Although the Nucleotide Transformer benchmark¹⁵ was very suitable for model experimentation and to debug the system, it misses many tasks of great biological relevance in genomics related to more complex biological processes as well as more recent experimental techniques and tasks that involve quantitative predictions. Therefore we curated a second genomics instructions dataset containing 27 genomics tasks framed in English derived from different studies that cover several regulatory processes (Methods and Supplementary Table 2).

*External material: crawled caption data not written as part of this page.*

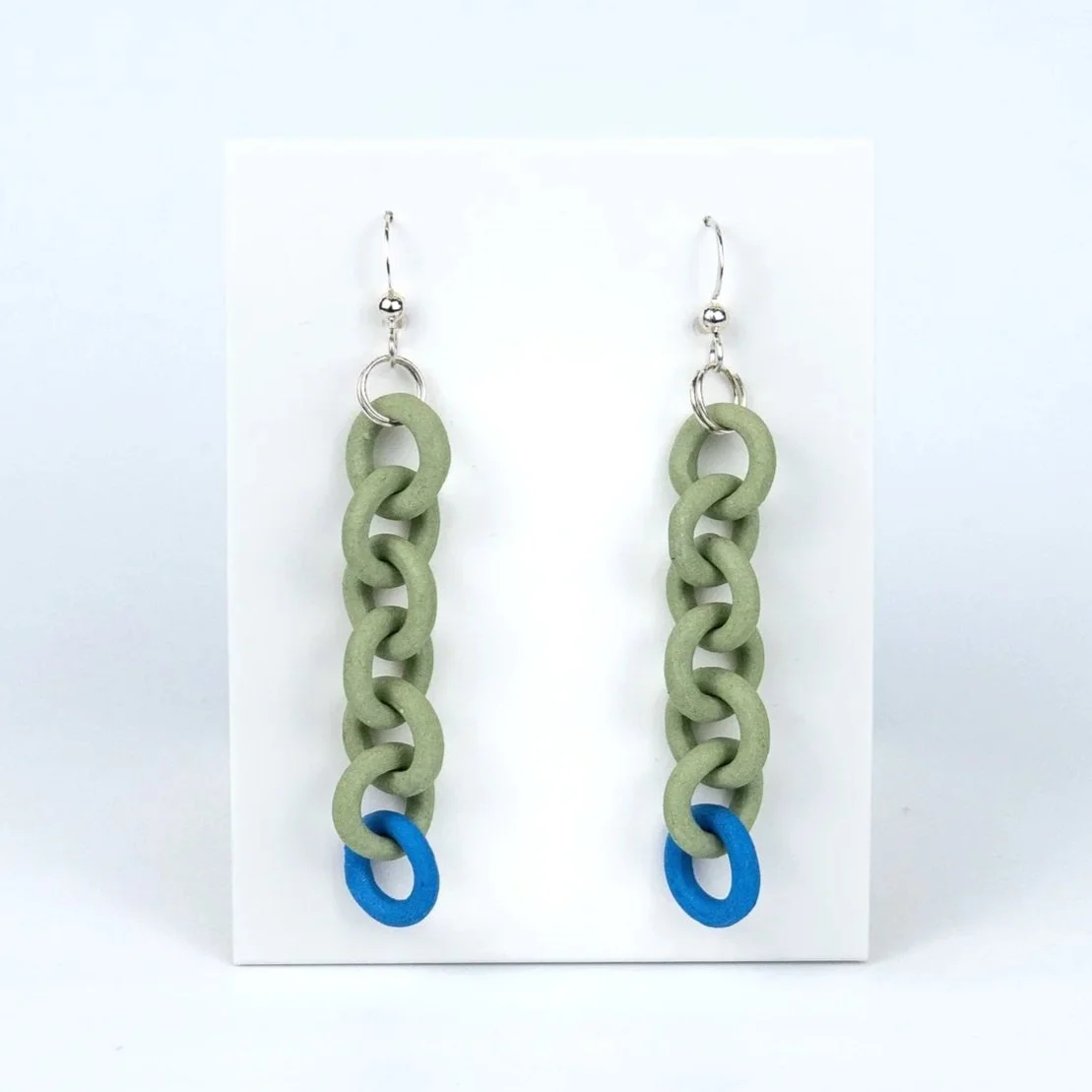 Green and Blue Chain Earrings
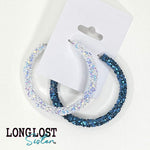 Blue and White Iridescent Glitter Hoop Earrings long lost sister boutique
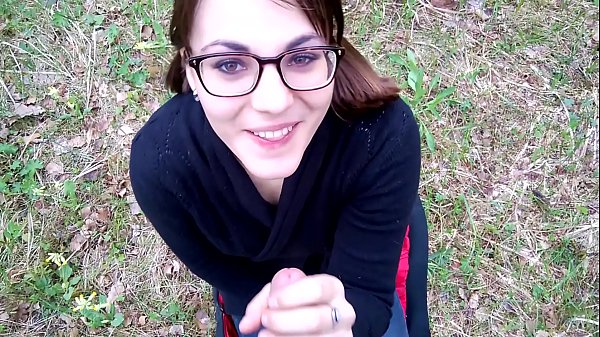 Nerdy girl sucks in the forest 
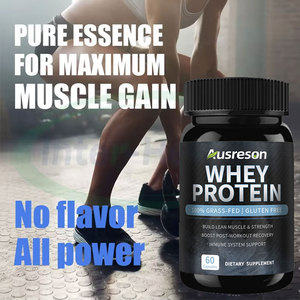 Ausreson Isolat de Protéine de Lactosérum en Poudre et Capsules pour Prise de Masse, Suppléments Sportifs Biologiques Pré-entraînement, Créatine, Capsules de Protéine de Lactosérum - Product Image 2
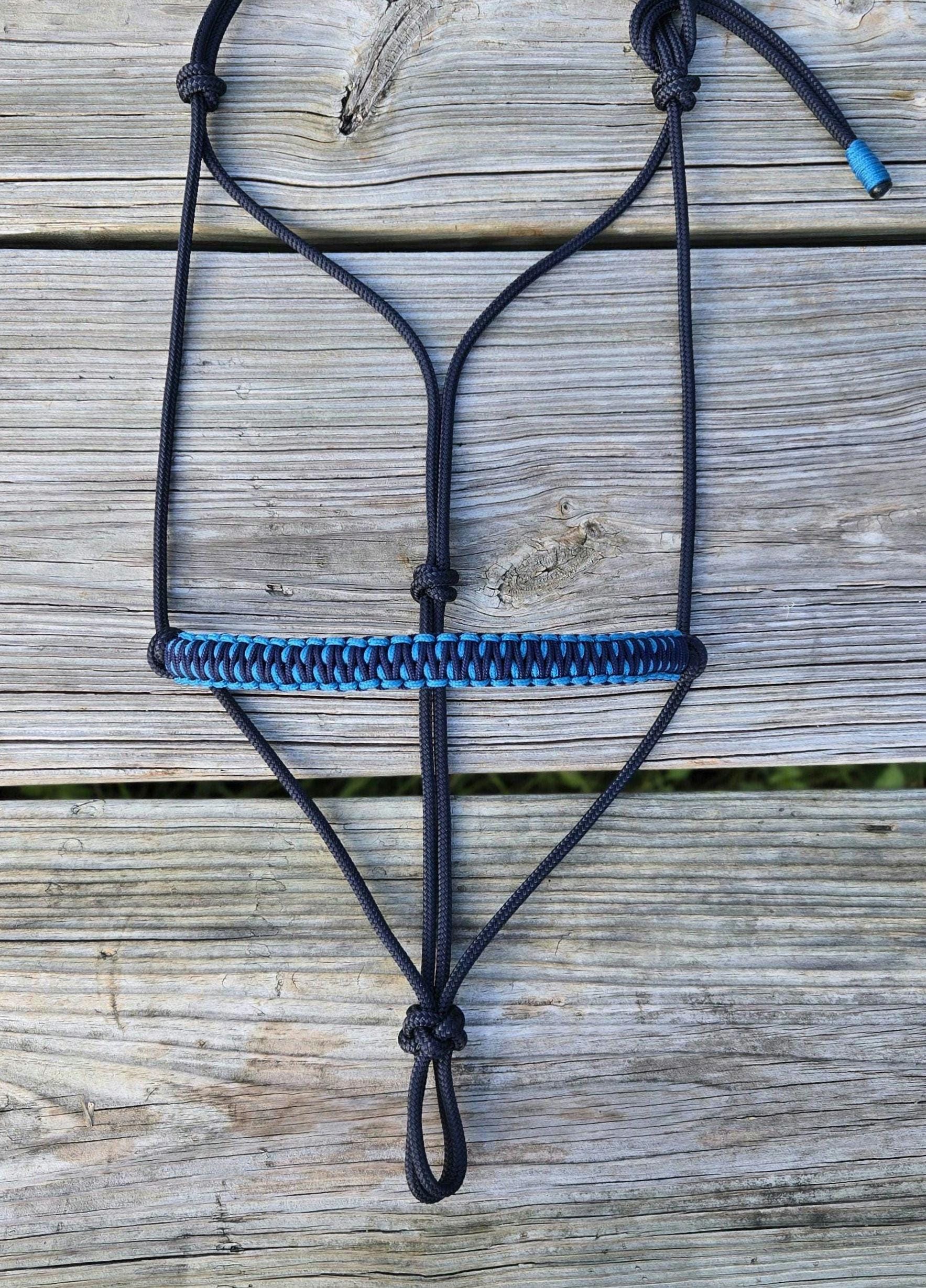 Custom Horse Halter With Braided Noseband, Yacht Rope Halter, Handmade ...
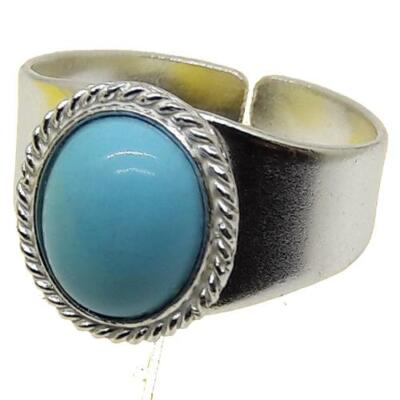 Corals of Sardinia Turquoise Ring 8x10mm Sardinian Filigree Silver Stem Cord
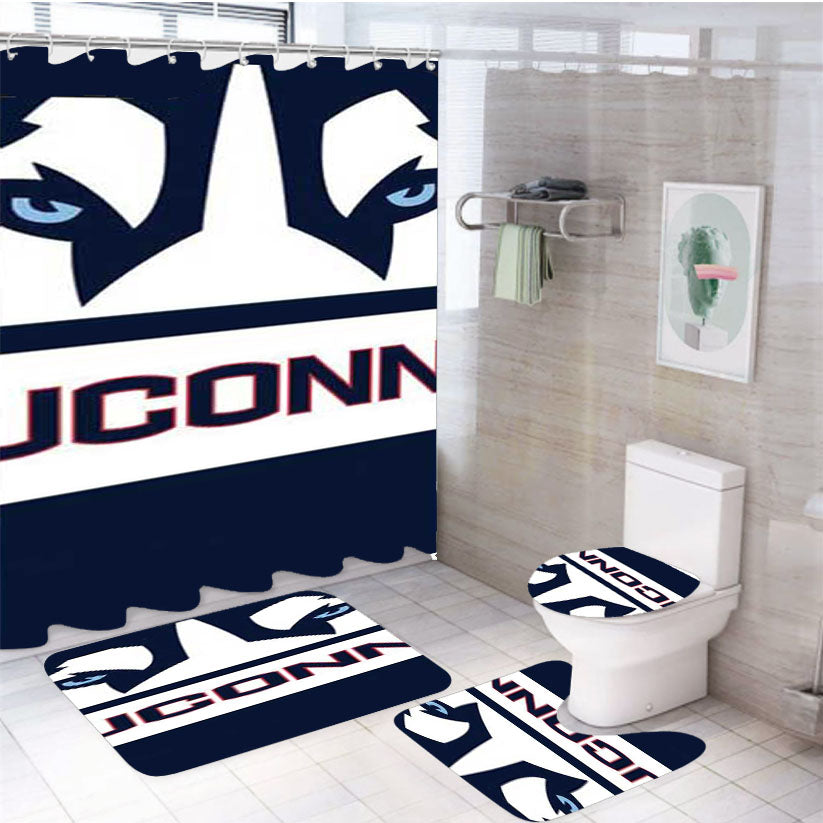 Uconn Huskies 4Pcs Bathroom Set Shower Curtain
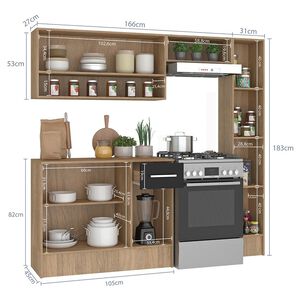 Mueble De Cocina Vekkahome Madri / 7 Puertas / 1 Caj&oacute;n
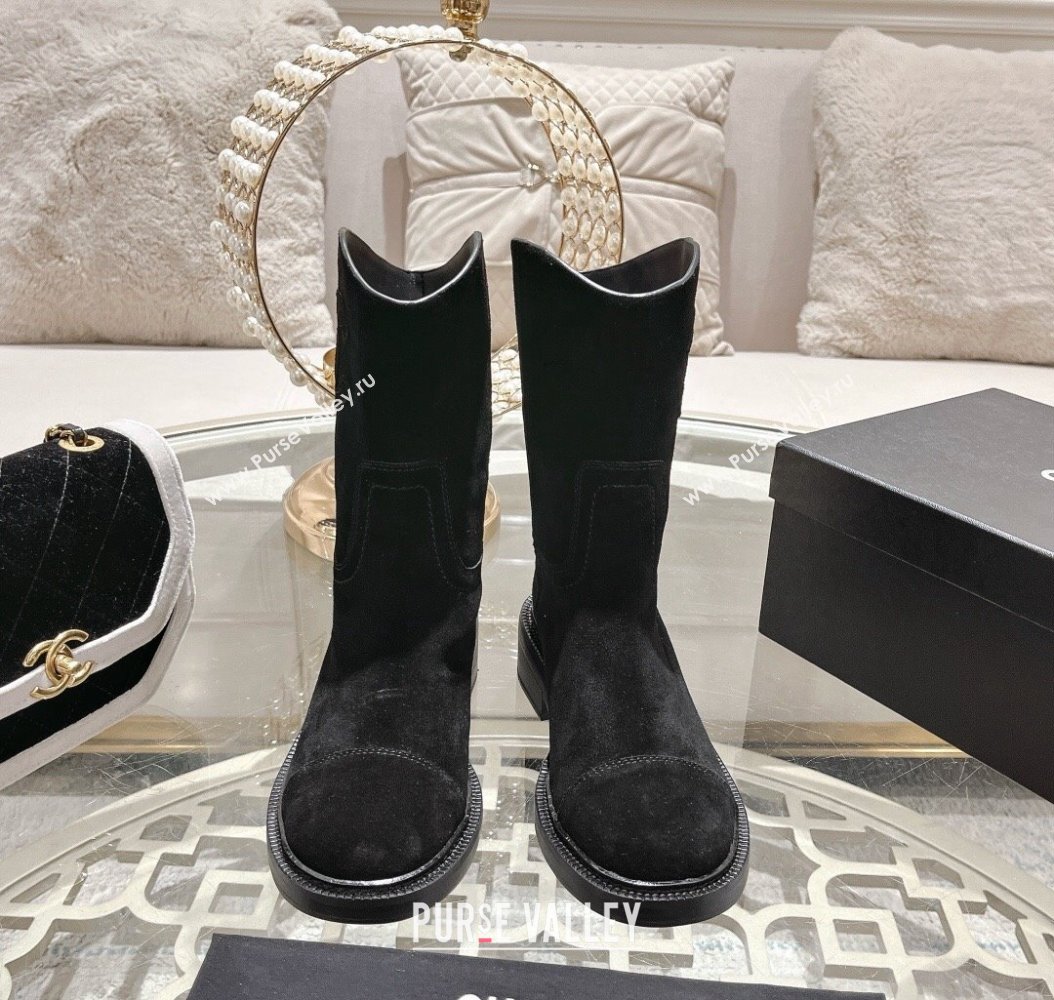 Chanel Suede Ankle Boots with Side CC Black 2024 CH112006 (MD-241120036)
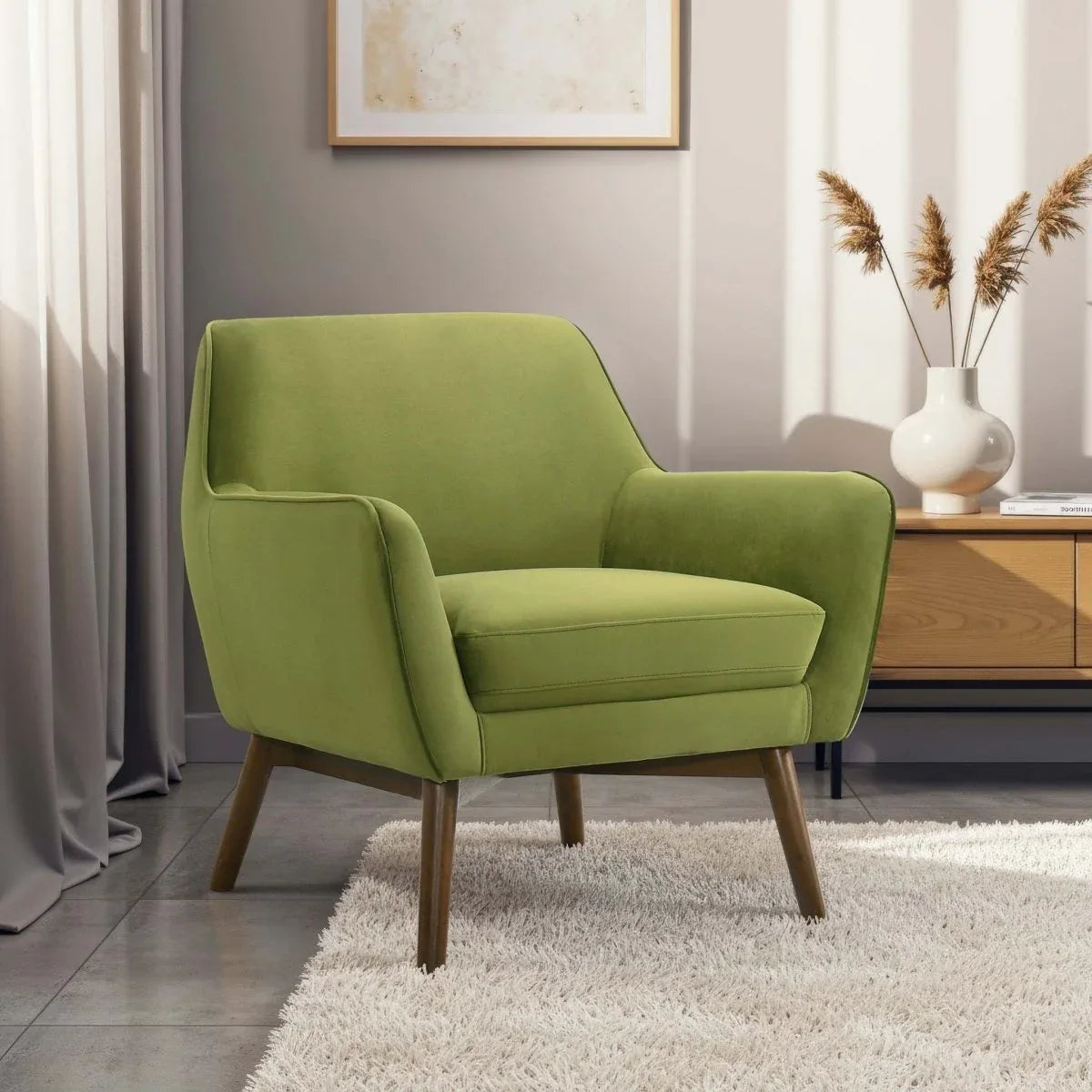 Mid-Century Modern Green Velvet Accent Chair - Omega Lifestyles
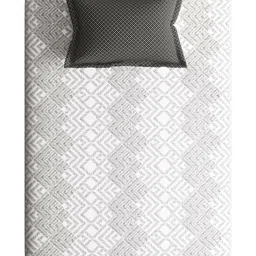 Portico Black & White Ethnic Motifs 144 TC Single Bedsheet with 1 Pillow Covers image 4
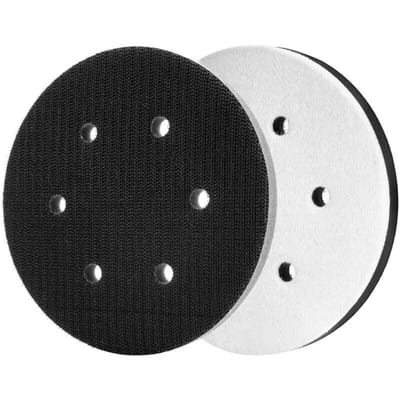 Twee zachte schuurpads van 150 mm met een zachte schuimlaag, geschikt voor schuren en polijsten, geluidsdempend (8 gaten).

These include tasks related to DNA (21 tasks), RNA (3) and protein sequences (3) from multiple species framed as both binary/multilabel classification and regression tasks. The final instructions dataset contains a total of 605 million DNA tokens, that is, 3.6 billion base pairs, and 273 million English tokens (including an average of 1,000 question–answer pairs per task) (Fig. 1b).

This collection includes a non-redundant subset of tasks from the Nucleotide Transformer¹⁵ and the BEND³⁶ benchmarks, complemented with relevant tasks from the plant AgroNT benchmark³⁷ and human ChromTransfer³⁸. These benchmarks have been extensively used in the literature, come from different research groups and represent diverse DNA processes and species. These selected tasks include binary and multilabel classification tasks covering biological processes related to histone and chromatin features, promoter and enhancer regulatory elements, and splicing sites.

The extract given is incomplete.